A stratified random sample survey of communal and private livestock farmers was
conducted in the southern region of Botswana from August 1999 to May 2000 with the
assistance of four enumerators. The sample survey data were used to compute
descriptive statistics and to estimate the parameters of a block recursive regression
model. The model postulated relationships between agricultural credit, investment in
fixed improvement, investment in operating inputs and herd productivity. Some of the
equations are estimated with Ordinary Least Squares (OLS) and some with Two-Stage
Least Squares (2SLS) to account for likely correlation between endogenous
explanatory variables and the error term.

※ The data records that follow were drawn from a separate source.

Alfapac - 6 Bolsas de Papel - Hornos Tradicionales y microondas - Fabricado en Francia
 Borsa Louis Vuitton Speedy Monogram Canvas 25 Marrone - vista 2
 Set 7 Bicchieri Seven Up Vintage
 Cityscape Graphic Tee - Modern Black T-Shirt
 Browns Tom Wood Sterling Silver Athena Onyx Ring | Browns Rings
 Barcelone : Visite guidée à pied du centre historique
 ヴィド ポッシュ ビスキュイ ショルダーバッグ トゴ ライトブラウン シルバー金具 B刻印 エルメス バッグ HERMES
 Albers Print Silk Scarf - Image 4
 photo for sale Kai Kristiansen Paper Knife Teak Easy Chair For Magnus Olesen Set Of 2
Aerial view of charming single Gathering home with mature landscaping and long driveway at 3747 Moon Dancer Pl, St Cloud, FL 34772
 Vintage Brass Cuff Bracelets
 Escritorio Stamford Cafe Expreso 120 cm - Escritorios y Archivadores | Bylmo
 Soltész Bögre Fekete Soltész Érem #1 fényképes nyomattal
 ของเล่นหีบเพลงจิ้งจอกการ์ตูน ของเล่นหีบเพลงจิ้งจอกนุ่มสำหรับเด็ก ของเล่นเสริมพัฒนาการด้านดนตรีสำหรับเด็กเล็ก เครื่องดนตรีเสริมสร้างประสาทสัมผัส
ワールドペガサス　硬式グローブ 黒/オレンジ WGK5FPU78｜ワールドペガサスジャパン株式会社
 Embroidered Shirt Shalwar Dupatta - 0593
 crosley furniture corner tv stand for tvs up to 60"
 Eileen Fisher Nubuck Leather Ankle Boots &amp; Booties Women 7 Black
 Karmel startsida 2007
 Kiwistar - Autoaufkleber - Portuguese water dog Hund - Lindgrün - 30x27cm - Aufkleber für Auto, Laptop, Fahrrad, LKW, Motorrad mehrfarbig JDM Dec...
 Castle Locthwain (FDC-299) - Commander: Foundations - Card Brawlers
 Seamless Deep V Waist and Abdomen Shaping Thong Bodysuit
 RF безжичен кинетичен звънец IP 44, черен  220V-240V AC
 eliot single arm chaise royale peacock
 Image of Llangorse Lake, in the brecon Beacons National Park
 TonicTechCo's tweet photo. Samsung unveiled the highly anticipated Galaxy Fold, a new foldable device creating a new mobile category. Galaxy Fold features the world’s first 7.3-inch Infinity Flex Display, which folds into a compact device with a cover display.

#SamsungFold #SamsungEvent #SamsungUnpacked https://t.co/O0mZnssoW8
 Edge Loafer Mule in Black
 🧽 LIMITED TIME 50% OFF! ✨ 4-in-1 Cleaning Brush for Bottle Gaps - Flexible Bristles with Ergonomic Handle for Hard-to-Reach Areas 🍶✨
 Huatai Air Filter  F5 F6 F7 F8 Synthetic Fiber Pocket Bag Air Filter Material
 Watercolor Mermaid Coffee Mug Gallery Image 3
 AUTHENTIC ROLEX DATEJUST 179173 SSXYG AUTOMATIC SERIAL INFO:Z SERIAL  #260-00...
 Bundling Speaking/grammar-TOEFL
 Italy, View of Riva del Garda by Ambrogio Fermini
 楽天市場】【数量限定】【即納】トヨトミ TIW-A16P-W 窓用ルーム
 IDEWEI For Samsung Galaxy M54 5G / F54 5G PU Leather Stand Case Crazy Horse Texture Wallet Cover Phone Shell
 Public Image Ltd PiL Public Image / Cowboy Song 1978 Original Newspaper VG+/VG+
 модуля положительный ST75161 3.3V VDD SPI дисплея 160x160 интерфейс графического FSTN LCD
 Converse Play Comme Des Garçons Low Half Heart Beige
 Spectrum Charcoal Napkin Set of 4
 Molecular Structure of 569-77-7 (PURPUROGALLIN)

Descriptive statistics show that levels of investment and herd productivity are higher
on private farms than on open-access communal grazing. Private farmers are also better
educated, more liquid, and have larger herd sizes, but do not differ from their
communal counterparts in terms of age, gender, race or household size. The regression
results show that (a) respondents with secure tenure and larger herds use more
agricultural credit than those who rely on open access communal grazing land to raise
cattle; (b) secure land tenure, higher levels of liquidity and use of long-term credit
promote investment in fixed improvements to land; (c) liquidity from short-term credit
and wage remittances supports expenditure on operating inputs; and (d) herd
productivity increases with greater investment in fixed improvement and operating
inputs. Herd productivity is therefore positively (but indirectly) influenced by secure
land tenure.
It can therefore be inferred that government should (a) uphold private property rights to
land where they already exists; (b) privatise open access grazing to individual owner operators
where this is politically, socially, and economically feasible; and (c) where
privatisation to individuals is not feasible, government should encourage users to
convert the grazing into common property by subsidising the costs of defining user
groups and the boundaries of their resources, and enforcing rules limiting individual
use of common property. This first-step in a gradual shift towards more secure tenure
should be followed by the conversion of user groups to non-user groups organized
along the lines of investor-owned firms where members exchange use rights for benefit
and voting rights in a joint venture managed by an expert. / Thesis (Ph.D.)-University of KwaZulu-Natal, Pietermaritzburg, 2006.